交点の先で

酒も飲めないし煙草も吸えないし、こういうときわたしはどうやって過ごしてたんだろうなあとか考えてたら、今朝、無意識のうちに、駅のキオスクで芸術系の雑誌を大量買いしてしまった。所要時間4分。単なる電車待ちの時間だった。あーこうしてわたしはエンターテイメントに安心を求めて生きてきたんだな、って朝からずっしり重くなった鞄の中を見て思った。絵画でも書物でもアイドルでも、自分と無関係なものを愛でることで何かが満たされるというか、目も耳も頭も全部目の前の対象に投げ出す瞬間がときどきあることで、現実とのバランスをとってるというか。


何が問題なのかを考える。解決すべき問題は特にない。結論は、「今までのような特別な関係はもう終わり。友達として会うのはアリ」ってラインから覆らないだろう。日曜日、彼は衝動的に大事な告白をしたんじゃなくて、ずっとあの子の心の中では決まってたことだから。じゃあ何がわたしを不穏な気持ちにさせているのかというと、わたしからしたら、お気に入りのぬいぐるみを取り上げられたようなものなんだ。昨日まで毎日触って抱きしめてたのに、いきなり近づいちゃだめって言われて、でも別になくなったわけでもなくずっとそこにある。でも自分から手を出しちゃいけない。そういうルール。今手元にないことが辛いんじゃなくて、突然断ち切られたことが辛いんだ。人間の苦しみって「思ってたのと違う!」っていう思い込みから来てたりするから。わたしが勝手に、このまま楽しい日常が続いていくんだと思ってただけで、向こうが「いつか言わなきゃ」って思ってたとしたら、現象だけみればこの辺が潮時だったんだろう。だったら初めから仲良くならなきゃよかった、って一瞬思ったけど、でもこの3ヶ月間の記憶が楽しすぎて、最終的に無かったほうがよかったとは思わない。映画とか舞台とかいっぱい連れてってくれて、パリ中いろんなところ一緒に歩いて、セーヌ河沿いで年越ししたり、ドイツから帰ってくるのが待ちきれないって言って東駅まで迎えにきてくれたり、帰りたくないねーとか言ってるうちに終電逃してほんとに帰れなくなってジョエルを心配させたり、白い花束持ってあの子のうちに遊びに行ったらあったかい料理と手づくりのガトーショコラで迎えてくれたり。まあ甘ったるい日々だったよ。人目をはばからないで言えば、本気でわたしは愛されてた。いや、まじで。

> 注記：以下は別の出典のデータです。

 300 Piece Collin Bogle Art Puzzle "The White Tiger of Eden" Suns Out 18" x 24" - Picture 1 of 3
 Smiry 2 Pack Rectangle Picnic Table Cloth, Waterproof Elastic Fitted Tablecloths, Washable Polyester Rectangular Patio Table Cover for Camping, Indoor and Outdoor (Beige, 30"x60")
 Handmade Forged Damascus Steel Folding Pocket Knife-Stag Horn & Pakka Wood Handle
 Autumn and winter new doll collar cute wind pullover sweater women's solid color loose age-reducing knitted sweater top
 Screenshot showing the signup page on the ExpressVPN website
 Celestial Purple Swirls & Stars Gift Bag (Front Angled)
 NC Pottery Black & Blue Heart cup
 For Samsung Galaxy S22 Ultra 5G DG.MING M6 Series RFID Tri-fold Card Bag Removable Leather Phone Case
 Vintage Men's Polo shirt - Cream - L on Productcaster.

「人間には、偶然出会ったものから運命を切り開く能力が備わっている」っていうわたしの好きな言葉があるんだけど、あの最初の日に、あの子の誘いをむげに断らなくてよかったなと思う。まさかこんな展開になるとは思ってなかったけど、今はなんかまたちょっと新しい境地に辿り着いた気がするし。これで終わりか、はたまた始まりなのかはわかんないけど、あの子のことは一生大事にしようと思う。そう思える程度には、今は気持ちが落ち着いた。これ以上あの子のことを考えない、そういう優しさをわたしは選択する。わたしはわたしの人生を生きなければ。だから、いつかまたね、交点の先で。可愛い日本人のお嫁さんが見つかりますように。